IronFlow is aimed at control-plane throughput and determinism, not at making every user task (HTTP calls, ML, ETL transforms) run faster. Orchestration overhead is a small slice of many real pipelines; in those cases, switching runtimes may change wall time only slightly. When you are transition- or scheduler-bound (many small tasks, heavy state churn, API hot paths), the gap can be large.

This page summarizes reported A/B numbers from the in-repo harness. Always treat them as order-of-magnitude guidance on a narrow synthetic workload, not a guarantee for your flows.

What the A/B harness measures

Script: benchmarks/compare_prefect_vs_ironflow.py (run from the repository root)

It runs comparable mapped and chained toy flows at fixed “complexity,” counts control-plane transition events, and reports transitions per second (higher is better). Engines compared:

Engine label Meaning
ironflow In-process prefect_compat + control plane (no HTTP).
ironflow_http Same stack behind the local HTTP API boundary (adds request/serialization cost).
prefect Local Prefect OSS 3.x running the analogous flow pattern.

Output is written to docs/perf_comparison.json (JSON array — not an input to perf_matrix.py compare).

Headline numbers (checked-in snapshot)

The table below uses the committed docs/perf_comparison.json snapshot. Re-run the script on your machine and Python/Prefect versions; ratios stay qualitatively similar in our experience, but absolute throughput varies.

Transitions per second (rounded):

Pattern Complexity IronFlow (in-proc) IronFlow + HTTP Prefect OSS (local)
mapped 100 ~67,000 ~3,100 ~29
mapped 500 ~67,000 ~3,150 ~346
chained 100 ~86,000 ~3,300 ~143
chained 500 ~86,000 ~3,500 ~135

Approximate multipliers (IronFlow in-proc ÷ Prefect, same cell):

Pattern Complexity ~× faster (transitions/s)
mapped 100 ~2,300×
mapped 500 ~190×
chained 100 ~600×
chained 500 ~640×

HTTP boundary: IronFlow through the local API is still roughly one to two orders of magnitude above Prefect on this harness (e.g. mapped @100 ~110×), because the comparison is dominated by orchestration cost, not network latency to a remote cluster.

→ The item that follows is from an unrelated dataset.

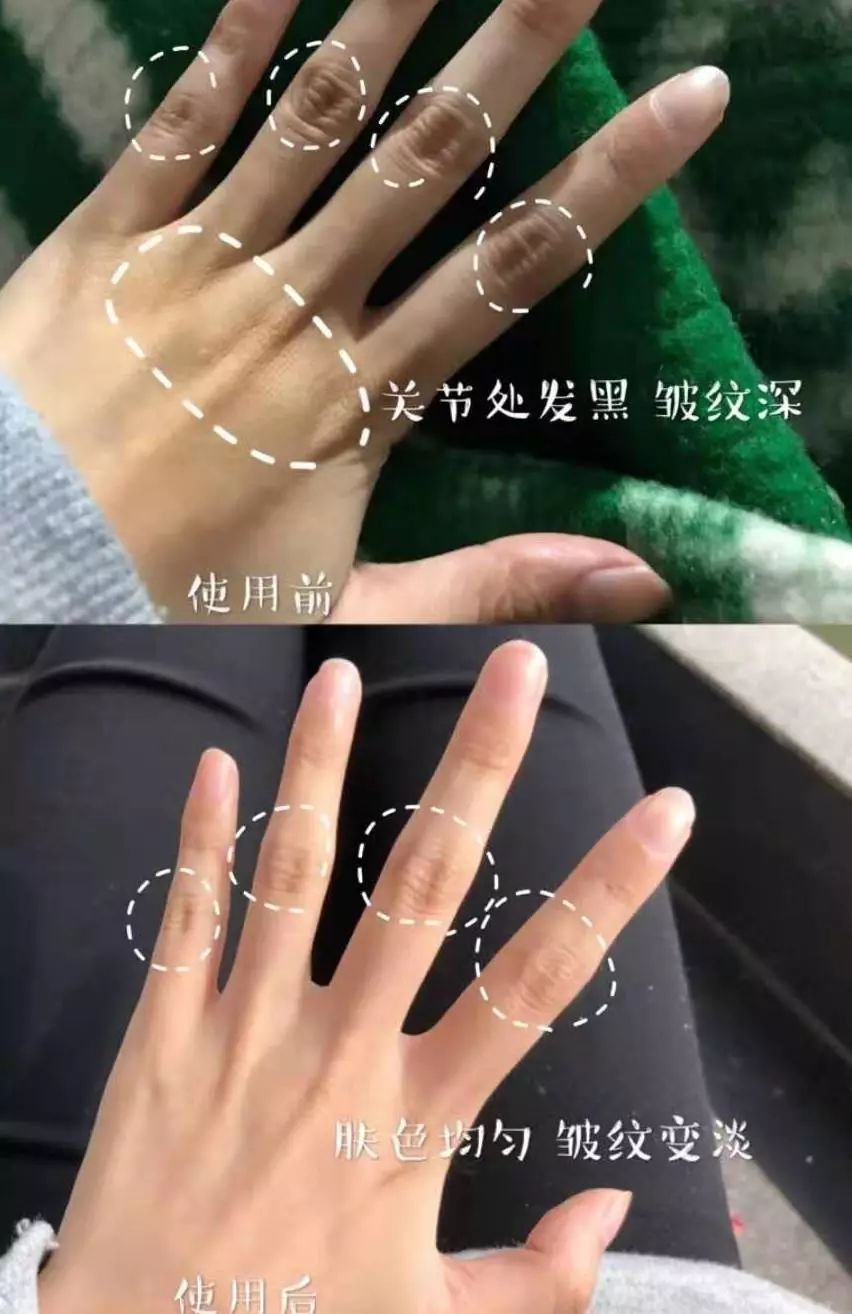 怎么变白又快又有效不花一分钱,最有效的变白方法学生党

How to interpret this honestly

  1. Units: “Faster” here means higher control-plane transition throughput on synthetic flows, not shorter time for arbitrary Python work inside tasks.
  2. Prefect baseline: Numbers are for local OSS execution in this harness. Prefect Cloud, agents, and production tuning change the story.
  3. Your code dominates: If 99% of wall time is inside task bodies (database, APIs, CPU work), end-to-end speedup may be modest even when IronFlow is much faster at scheduling.
  4. Subset product: IronFlow does not implement full Prefect; faster orchestration only matters where you stay inside the supported subset (Compatibility).

Regression tracking (IronFlow vs IronFlow)

Contributors who compare IronFlow builds over time use the deterministic perf_matrix.py harness; methodology is documented in the repository at docs/perf_methodology.md (not required reading to use IronFlow).